== Problem requirements ==
First find the line with "Issey Miyake EAU&VÉTIVER" in the entries below, then set down exactly every line through the line with "Spacetime）》最新 中文 联机版", that line included.

== Data for review ==
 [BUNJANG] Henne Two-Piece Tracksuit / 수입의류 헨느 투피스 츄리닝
---
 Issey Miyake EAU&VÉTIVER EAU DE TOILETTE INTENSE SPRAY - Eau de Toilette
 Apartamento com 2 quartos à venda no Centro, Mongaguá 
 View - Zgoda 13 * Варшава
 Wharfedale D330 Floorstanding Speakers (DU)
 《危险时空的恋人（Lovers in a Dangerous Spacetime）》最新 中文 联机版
---
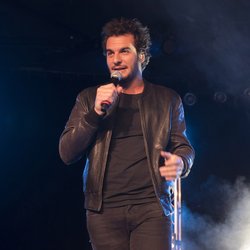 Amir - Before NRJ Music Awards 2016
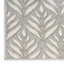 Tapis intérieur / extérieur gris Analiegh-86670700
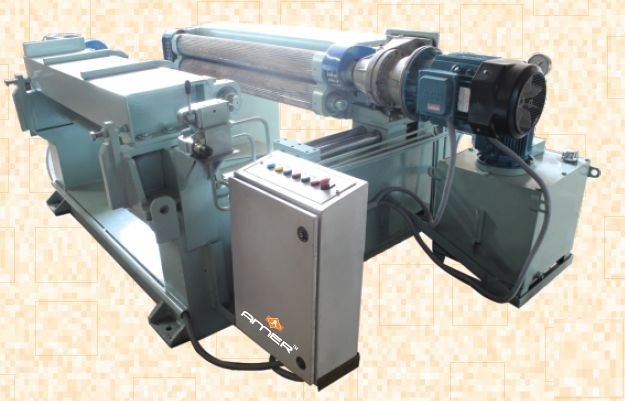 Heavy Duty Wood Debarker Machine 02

== Exercise result ==
 Issey Miyake EAU&VÉTIVER EAU DE TOILETTE INTENSE SPRAY - Eau de Toilette
 Apartamento com 2 quartos à venda no Centro, Mongaguá 
 View - Zgoda 13 * Варшава
 Wharfedale D330 Floorstanding Speakers (DU)
 《危险时空的恋人（Lovers in a Dangerous Spacetime）》最新 中文 联机版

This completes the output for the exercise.